Enhancing NER Performance in Low-Resource Pakistani Languages using Cross-Lingual Data Augmentation
Toqeer Ehsan, Thamar Solorio
TL;DR
The paper tackles NER in four low-resource Pakistani languages by introducing a cross-lingual data augmentation framework that blends cluster-based augmentation, EDA-RRAug, and GenerativeAug. It shows that cluster-based augmentation, leveraging unsupervised entity clustering, alignment, and ranking, yields the strongest gains for Shahmukhi and Pashto, while Urdu benefits more from generative augmentation; Sindhi benefits from cross-lingual representations in multilingual settings. The work also probes few-shot learning with causal LLMs, revealing current limitations in low-resource NER. Overall, the findings demonstrate that hybrid augmentation strategies can improve NER in related languages by preserving linguistic plausibility and cross-lingual diversity, though annotation quality and dataset size remain critical factors. The study highlights practical implications for building NER systems in multilingual, culturally nuanced, low-resource contexts and points to future work on improving annotations and scaling cross-lingual augmentation.
Abstract
Named Entity Recognition (NER), a fundamental task in Natural Language Processing (NLP), has shown significant advancements for high-resource languages.
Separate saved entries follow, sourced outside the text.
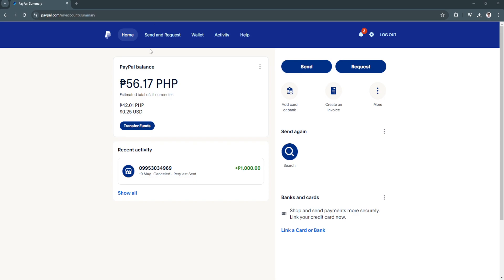In this video I'm going to show you how to stop automatic payments on PayPal. Please watch the video until the end and follow this tutorial step by step to avoid making mistakes.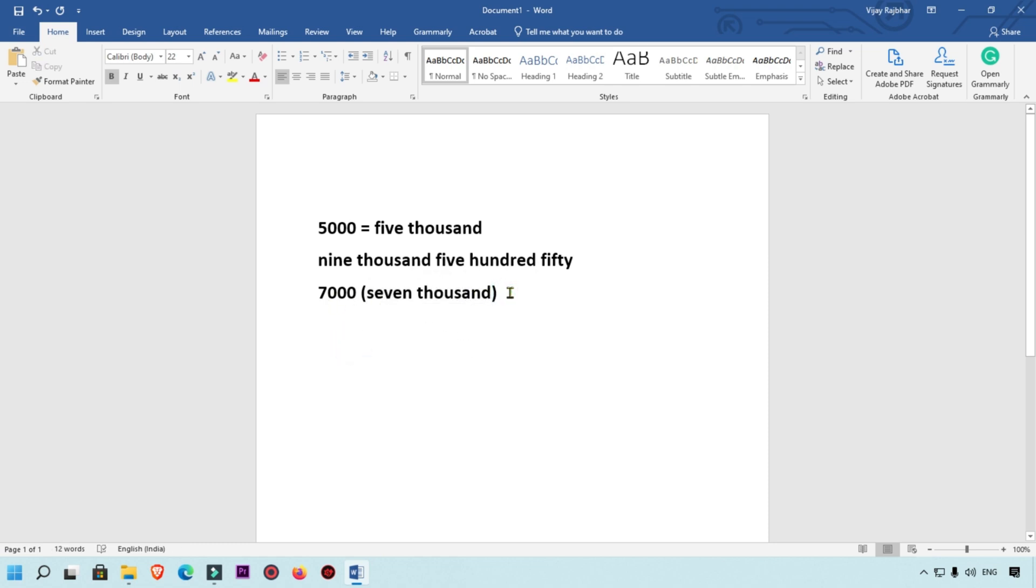By this way you can easily convert any number into text in Microsoft Word. This is the tutorial which I want to share with you. I hope you learned something new. If you like this video, click the like button and share with your friends and family so they can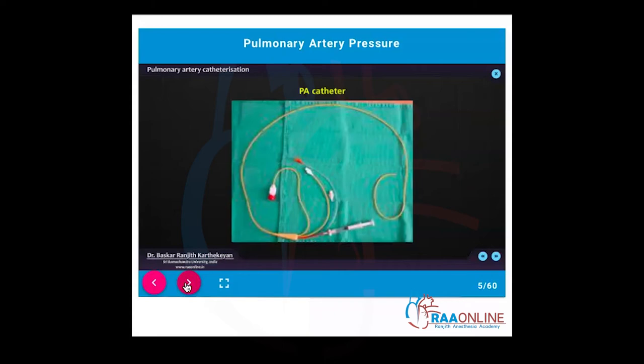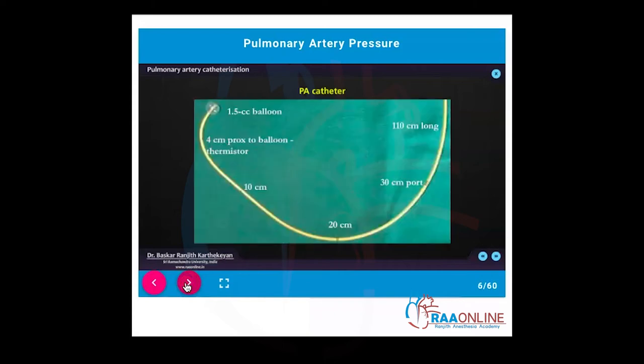The PA catheter — this is how a PA catheter looks. The modern PA catheter is 110 cm long and has various ports. There is a port which opens 30 cm from the tip, and a port which opens at the tip. Located 4 cm proximal to the balloon is a thermistor, and the balloon itself is present at the tip.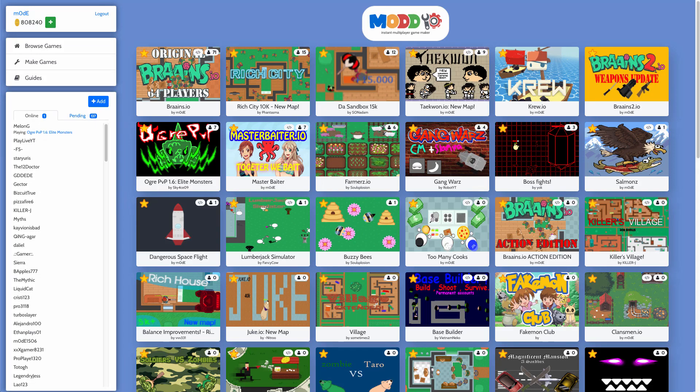Hello there! Welcome to another tutorial video for Mod.io. In this video we're going to talk about how to make AI units in your game.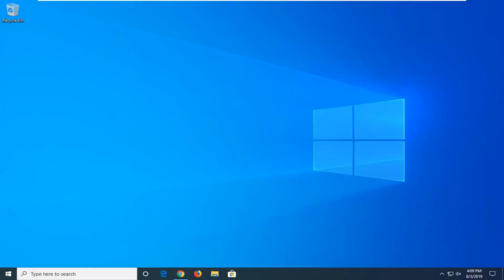Hello everyone, how are you doing? This is MD Tech here with another quick tutorial. Today I'm going to show you guys how to resolve if icons are not showing up properly in your taskbar on Windows 10. It should hopefully be a pretty straightforward tutorial, and without further ado, let's go ahead and jump right into it.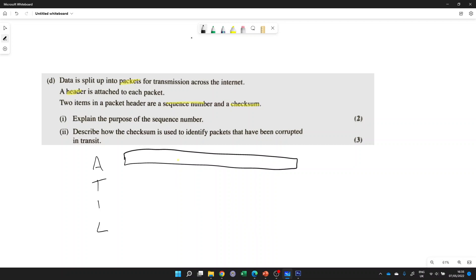One gigabyte file is far too big to download all in one go. So at the transport layer, the web server isn't going to send it all at once. It's going to split that large file into smaller packets. So the job of TCP is to split large files into smaller packets.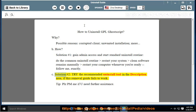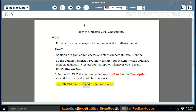Solution number 2: Try the recommended uninstall tool linked in the description area if this removal guide fails to work. Please PM me if you need further assistance.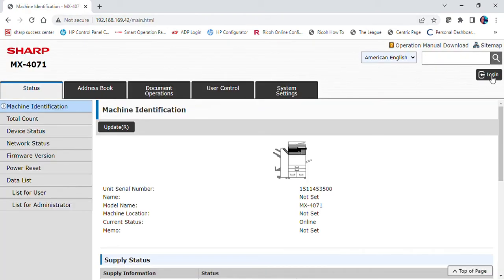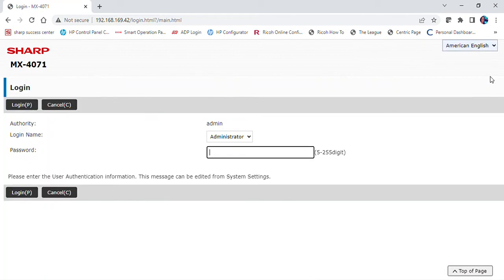Select login and login as administrator. The default password is admin, A-D-M-I-N, all lowercase.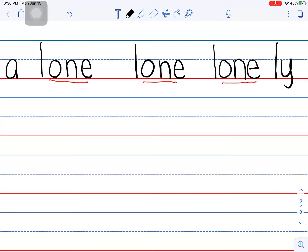The funny part is that the English language used to pronounce the number one as 'own', many, many years ago — several hundred years ago. People used to say 'own' for the number one, because that's the way it was written: O-N-E, 'own'. But over time, because of slang and people talking in different ways, the pronunciation changed to 'one' — we have the 'wuh' sound there.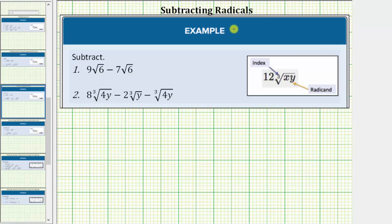We are asked to subtract the given radical expressions. In order to add or subtract radical expressions, we must have like radicals. Like radicals are radicals in which the radical part is exactly the same, meaning the index is the same and so is the radicand. However, before we identify like radicals, we must make sure all the radicals are simplified completely.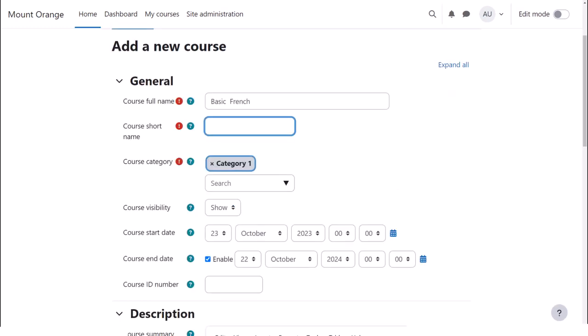Note that once you've added a course and added a teacher to it, they can edit these settings by default.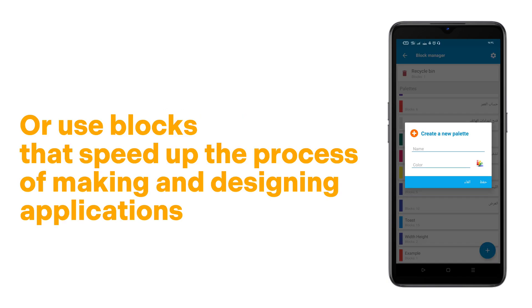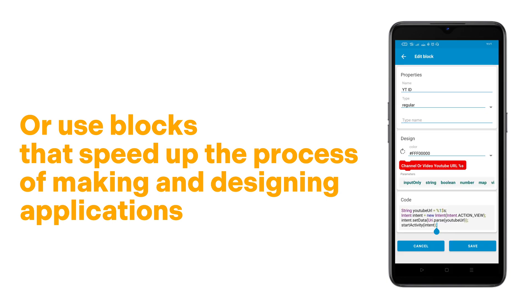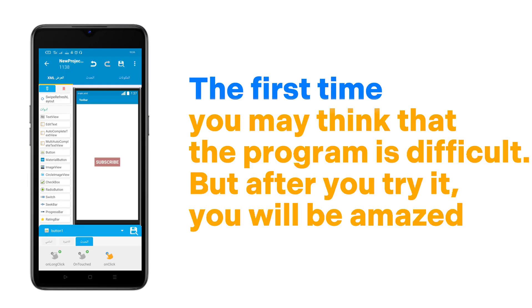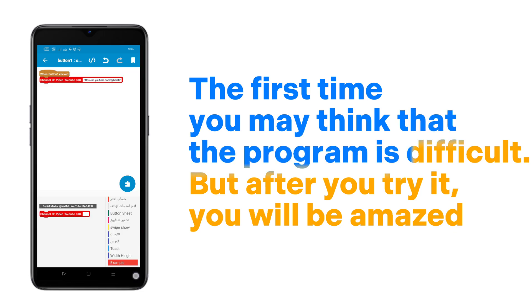Or use blocks that speed up the process of making and designing applications. The first time you may think that the program is difficult, but after you try it, you will be amazed.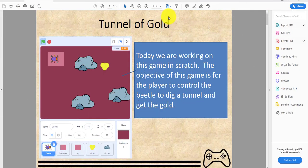Welcome back guys it's Kids Coding Playground here and today we're back for another video called Tunnel of Gold. Today we are working on this game in Scratch. The objective of the game is for the player to control the beetle to dig a tunnel and get the gold.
However, due to a lack of annotated datasets and limited representation in Pre-trained Language Models (PLMs), it remains understudied and challenging for low-resource languages. To address these challenges, we propose a data augmentation technique that generates culturally plausible sentences and experiments on four low-resource Pakistani languages; Urdu, Shahmukhi, Sindhi, and Pashto. By fine-tuning multilingual masked Large Language Models (LLMs), our approach demonstrates significant improvements in NER performance for Shahmukhi and Pashto. We further explore the capability of generative LLMs for NER and data augmentation using few-shot learning.